Calpain and Caspase-3 Activities
αII-Spectrin degradation was measured in the diaphragm as an indirect assessment of in vivo calpain and caspase-3 activity. Diaphragm muscle was homogenized as described in the Oxyblot procedure. Proteins were separated on 6% sodium dodecyl sulfate-polyacrylamide gel and transferred to polyvinylidene difluoride membranes. Membranes were stained with Ponceau S to verify correct transfer. Blots were incubated with the primary antibody against αII-spectrin (Enzo Life Sciences, Antwerp, Belgium) and the appropriate secondary antibody (Prosan, Merelbeke, Belgium).14  Proteins were detected using chemiluminescence (GE Healthcare) and analyzed with the software package (Bio 1D; Vilber Lourmat) of the imaging system (Photo print; Vilber Lourmat). Calpain and caspase-3 activity are expressed as the ratio between the densitometric values of their specific breakdown products to the intact αII-spectrin.
Statistical Analysis
Population distribution was assessed with Shapiro–Wilk test. Comparisons for each dependent variable (muscle fiber size, 4-hydroxynonenal and Akt, FoxO-1) were made by a one-way ANOVA using Prism 6, GraphPad Software Inc. (La Jolla, CA), whereas for the force frequency measurements, a two-way repeated-measures ANOVA was performed with the SAS software (SAS 9.3; SAS Institute, Cary, NC). When appropriate, significant group differences were evaluated using a Tukey post hoc test. Significance was established at a P value less than 0.05 using two-sided P values. Data are shown as means ± 95% CI. The sample number for each measurement is indicated in the figure legends.
Results
Systemic and Biological Response
In the CMV group, one animal died during the experiment so that the final number of animals for this group was seven. Arterial blood pressure and blood gas data were similar between the different groups. Blood pressures were 108 ± 27 mmHg (CMV) and 102 ± 9 mmHg (SB) before sacrifice, the Pao2 at the end of the experiment was 114 ± 25 (CMV) and 99 ± 35 mmHg (SB), the Paco2 was 40 ± 11 (CMV) and 39 ± 10 mmHg (SB), with a pH of 7.33 ± 0.1 (CMV) and 7.31 ± 0.1 (SB). The CMV and SB groups received 21.7 ± 3 and 18.8 ± 1 mg kg−1 h−1 of propofol, respectively.

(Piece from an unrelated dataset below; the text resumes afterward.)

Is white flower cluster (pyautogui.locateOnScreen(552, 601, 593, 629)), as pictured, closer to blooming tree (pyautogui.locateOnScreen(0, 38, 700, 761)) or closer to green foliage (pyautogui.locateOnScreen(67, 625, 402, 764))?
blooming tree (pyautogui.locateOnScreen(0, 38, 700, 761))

Diaphragm In Vitro Contractile Properties
In the CMV and SB groups, the force frequency curve was shifted downward significantly at all stimulation frequencies greater than 50 Hz compared with Con (fig. 1). This reduction in force was similar for both the CMV and SB groups. Tetanic force was significantly decreased by 34% in the CMV animals and 31% (P < 0.001) in the SB group, when compared with Con.
Fig. 1.
Diaphragm force frequency curve in the controlled mechanical ventilation and spontaneous breathing sedated with propofol compared with control. Propofol under spontaneous breathing resulted in diaphragmatic dysfunction. Open squares: spontaneous breathing (n = 8); triangles: controlled mechanical ventilation (n = 7); filled circles: control (n = 8); *P < 0.05 versus control.

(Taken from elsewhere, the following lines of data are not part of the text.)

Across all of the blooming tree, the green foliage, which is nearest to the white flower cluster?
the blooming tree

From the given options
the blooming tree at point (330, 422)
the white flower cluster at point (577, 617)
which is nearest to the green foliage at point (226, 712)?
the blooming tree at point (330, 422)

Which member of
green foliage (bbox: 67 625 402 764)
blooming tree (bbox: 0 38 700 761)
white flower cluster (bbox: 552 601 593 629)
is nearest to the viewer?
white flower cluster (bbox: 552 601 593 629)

Diaphragm force frequency curve in the controlled mechanical ventilation and spontaneous breathing sedated with propofol compared with control. Propofol under spontaneous breathing resulted in diaphragmatic dysfunction. Open squares: spontaneous breathing (n = 8); triangles: controlled mechanical ventilation (n = 7); filled circles: control (n = 8); *P < 0.05 versus control.
Fig. 1.
Diaphragm force frequency curve in the controlled mechanical ventilation and spontaneous breathing sedated with propofol compared with control. Propofol under spontaneous breathing resulted in diaphragmatic dysfunction. Open squares: spontaneous breathing (n = 8); triangles: controlled mechanical ventilation (n = 7); filled circles: control (n = 8); *P < 0.05 versus control.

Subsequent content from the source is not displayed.